**PROBLEM STATEMENT**
This exercise calls for retyping every line below exactly, with the images omitted.

**DATA FOR ANALYSIS**
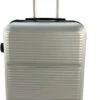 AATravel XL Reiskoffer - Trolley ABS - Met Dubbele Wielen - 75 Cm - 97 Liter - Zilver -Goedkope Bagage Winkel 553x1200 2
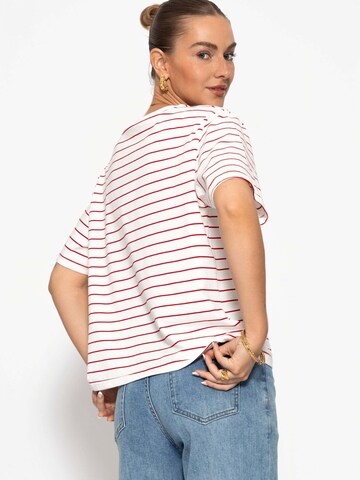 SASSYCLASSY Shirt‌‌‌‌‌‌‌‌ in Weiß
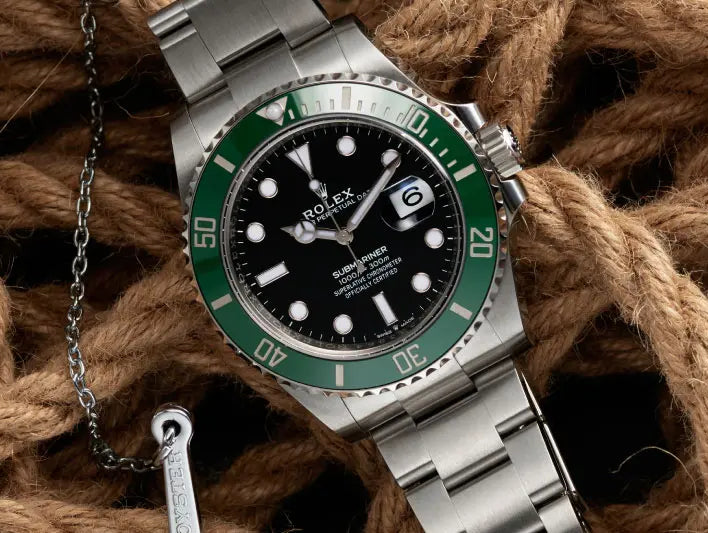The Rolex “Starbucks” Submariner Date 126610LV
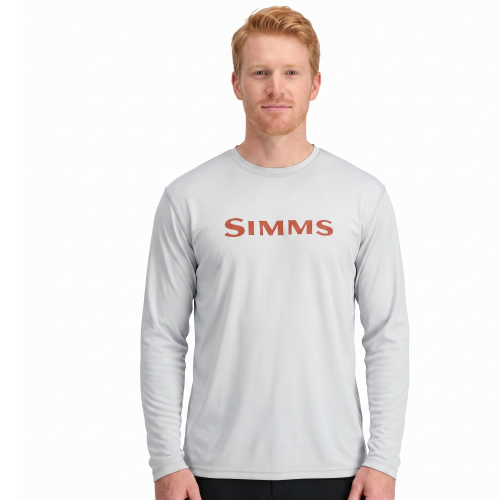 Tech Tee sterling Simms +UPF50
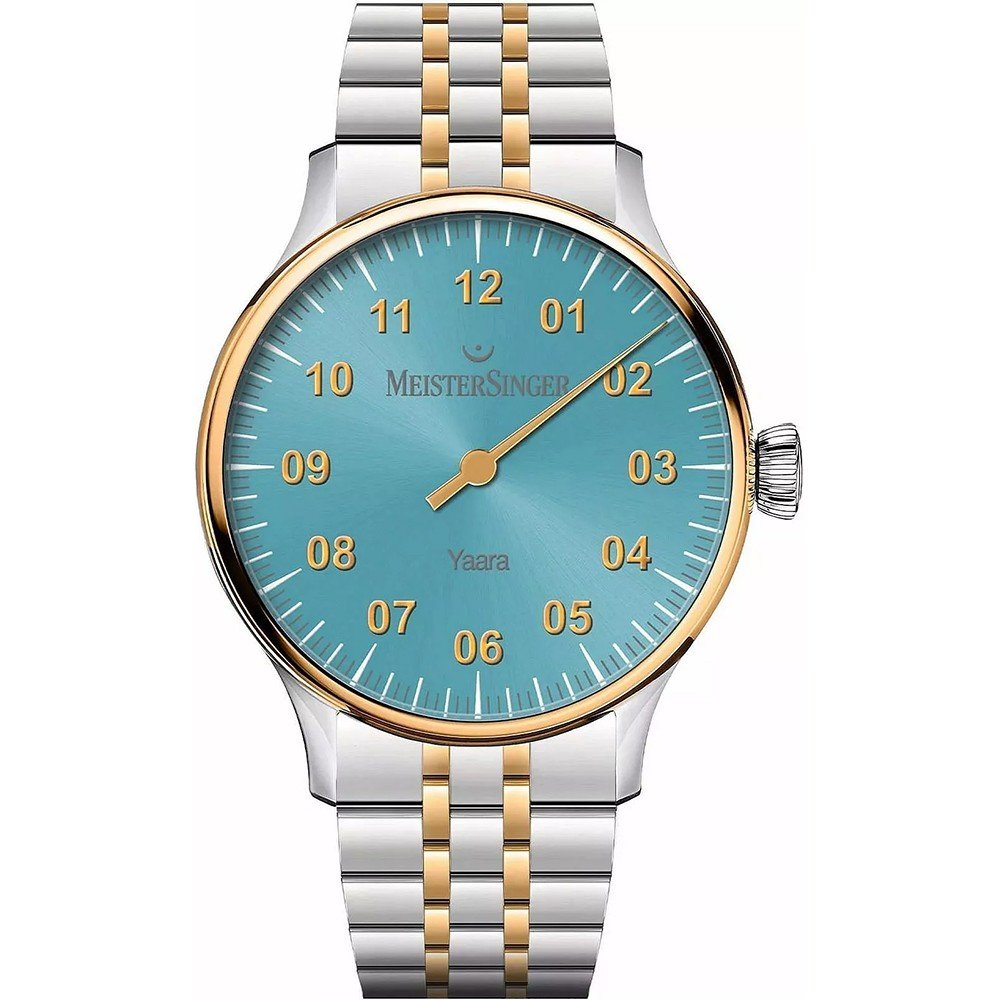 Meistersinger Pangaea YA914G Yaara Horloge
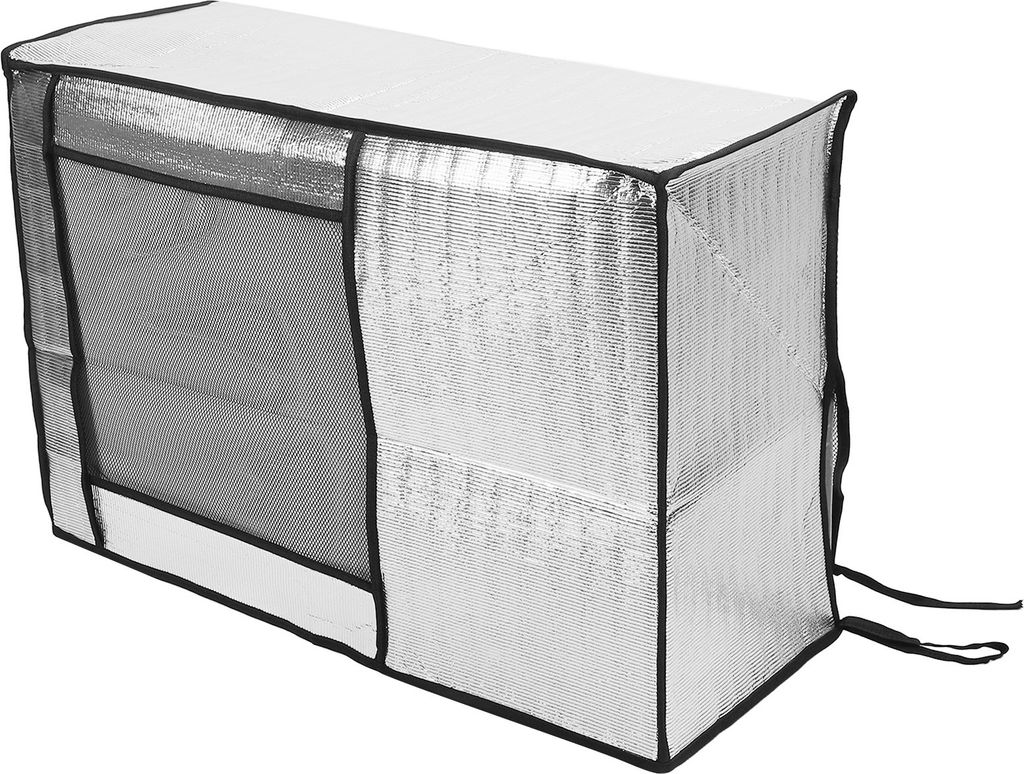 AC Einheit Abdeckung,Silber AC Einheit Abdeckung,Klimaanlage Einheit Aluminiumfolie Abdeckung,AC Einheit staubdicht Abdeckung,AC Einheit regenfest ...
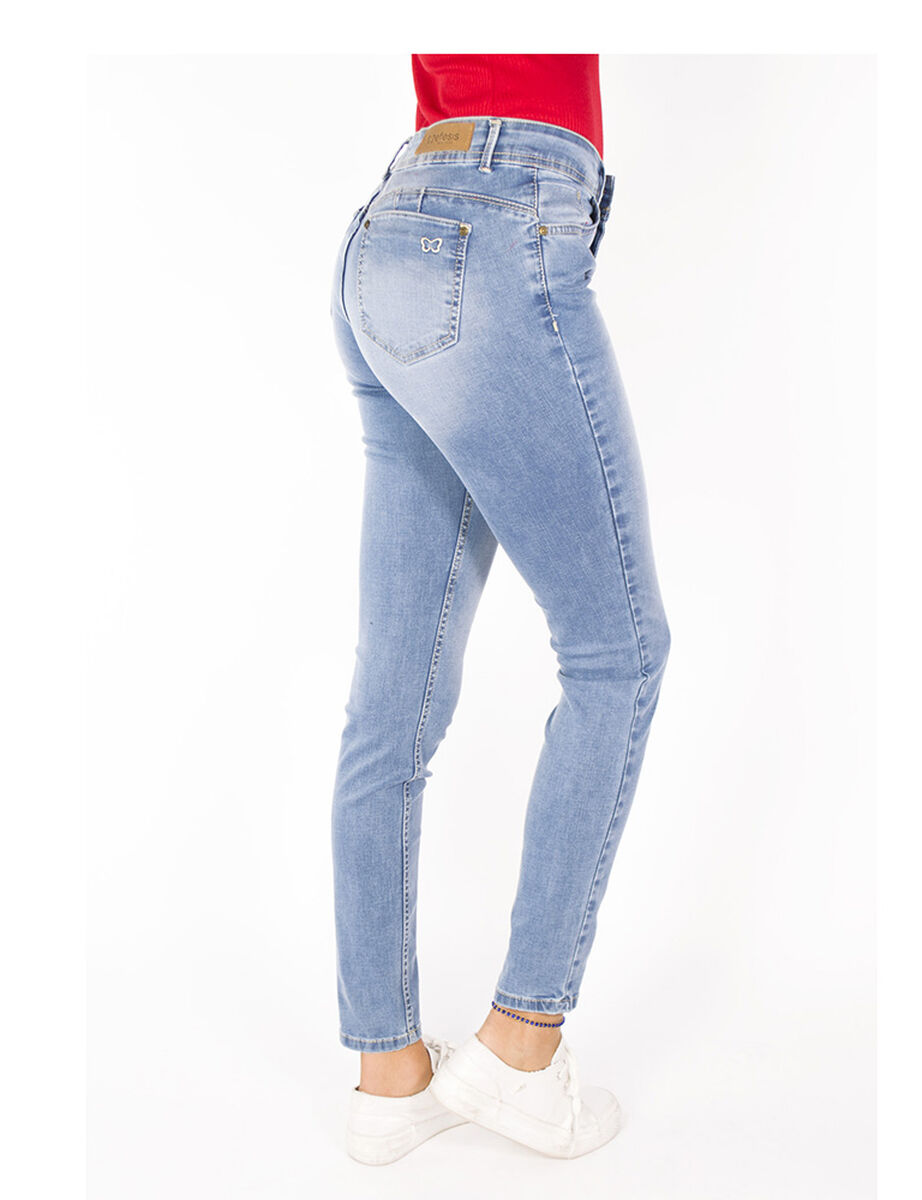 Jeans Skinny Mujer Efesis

**THE ANSWER**
 AATravel XL Reiskoffer - Trolley ABS - Met Dubbele Wielen - 75 Cm - 97 Liter - Zilver -Goedkope Bagage Winkel 553x1200 2
 SASSYCLASSY Shirt‌‌‌‌‌‌‌‌ in Weiß
The Rolex “Starbucks” Submariner Date 126610LV
 Tech Tee sterling Simms +UPF50
 Meistersinger Pangaea YA914G Yaara Horloge
 AC Einheit Abdeckung,Silber AC Einheit Abdeckung,Klimaanlage Einheit Aluminiumfolie Abdeckung,AC Einheit staubdicht Abdeckung,AC Einheit regenfest ...
 Jeans Skinny Mujer Efesis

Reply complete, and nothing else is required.